VThe series V dealt with essentially the same plot as "To Serve Man." Here, the alien "Visitors" come to Earth and promise to help advance our technology and in return only want some common Earth elements we'll hardly miss. Except it turns out the Visitors are really lizards in disguise who are really after our water and to put as many people as they can in gigantic freezers on their ships for later consumption.

I'd argue the best of these types of stories was the UK mini-series The Quatermass Conclusion. In this show, Professor Bernard Quatermass finds himself fighting aliens who lure large groups of young people together and instead of delivering the promised peace and free-love zap them into deep space and presumably onto some alien dinner table.

Things have gotten so bad that the sky literally turns green from the effects of so many people being fried alive when they're taken by the aliens. It's only when Quatermass gets together a group of aged scientists, because presumably the younger ones have already been served on some smorgasbord, and send an h-bomb along with the next group of people that the aliens get the message and go looking for dinner elsewhere.

Surprisingly, this concept still turns up in modern times as well. M. Night Shyamalan's Signs (2002) dealt with aliens who, in the end, have come to Earth looking for people to take home and munch on and the upcoming movie Skyline, due out 11/12, seems to also deal with the same subject.
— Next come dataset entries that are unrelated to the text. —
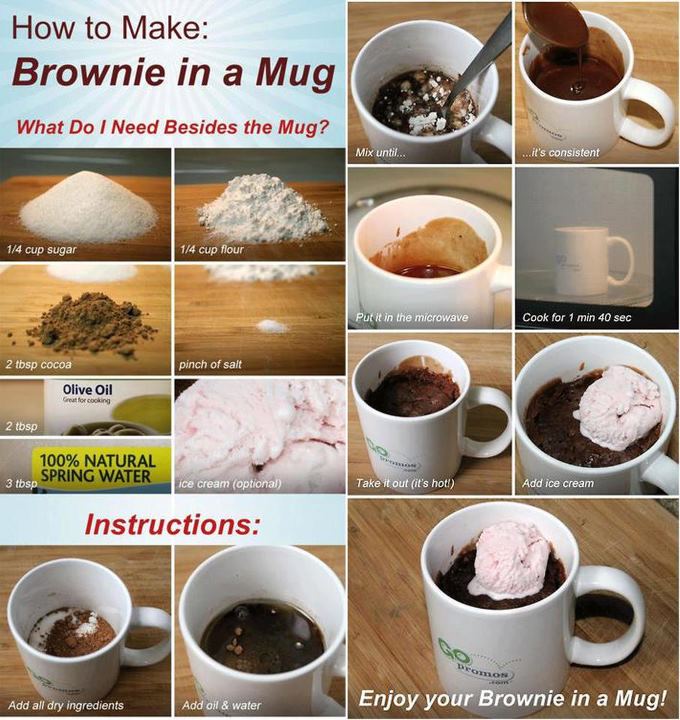 Image result for How to make: Brownie in a mug.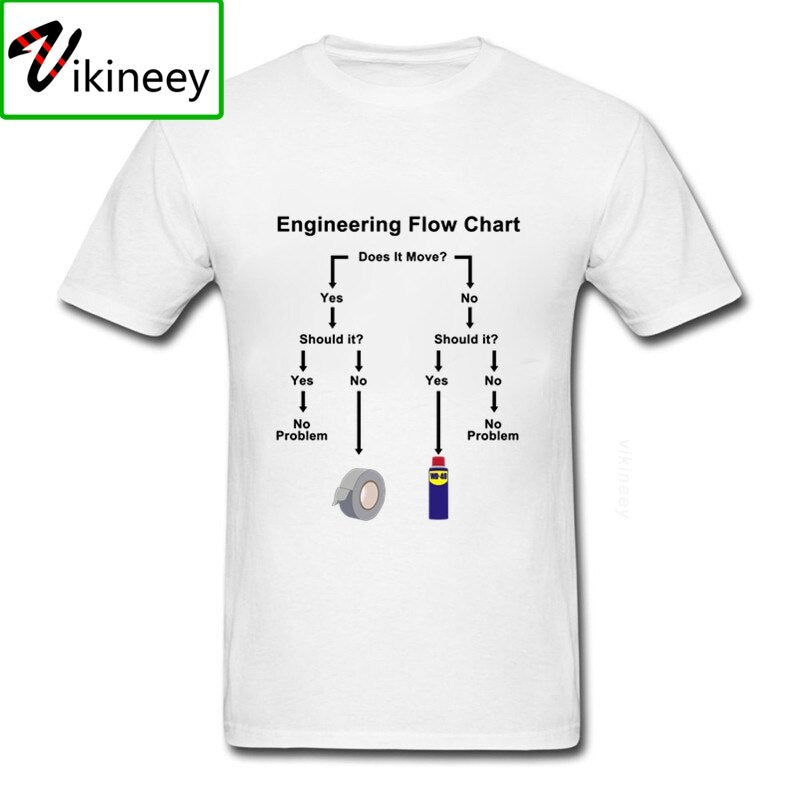 XS-XXXL Engineering Flow Chart Tee - 8 COLOURS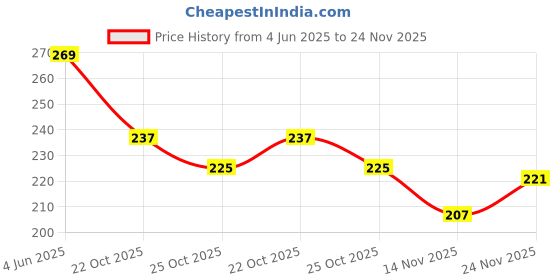 flipkart.com hotstyle Pilot Loafers For Men hotstyle Price History Graph from 4 Jun 2025 to 24 Nov 2025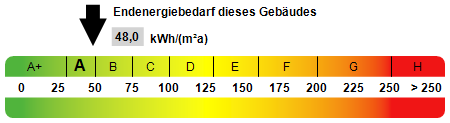 Kennwert Energieausweis - Etagenwohnung in 77694 Kehl mit 95m² kaufen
In the trailer for Skyline, gigantic ships begin appearing over major cities and emit weird beams of light that suck "things" up from the cities and into the ships. Upon closer examination, these "things" being sucked up into the ships turns out to be screaming people. Yikes!

The funniest of these types of stories I was able to find was called "Emergency Rations" and appeared in the comic Alien Encounters in 1985. Here, an alien ship is damaged by a meteor storm and the crew within find themselves lucky to stumble across a "Human Emergency Rescue Station." These aliens know of the humans only from their rescue stations and think of us as an, "Ancient and benevolent race (who) thousands of years ago scattered emergency rescue stations throughout the galaxy." The two catches are that no alien has ever met a human and the emergency rations stored aboard these stations are "monotonous."

It turns out, though, that these rescue stations aren't really rescue stations and are instead human colony ships on long-range missions away from the Earth. And those "emergency rations?" They turn out to be colonists in hybernetic sleep. Ick!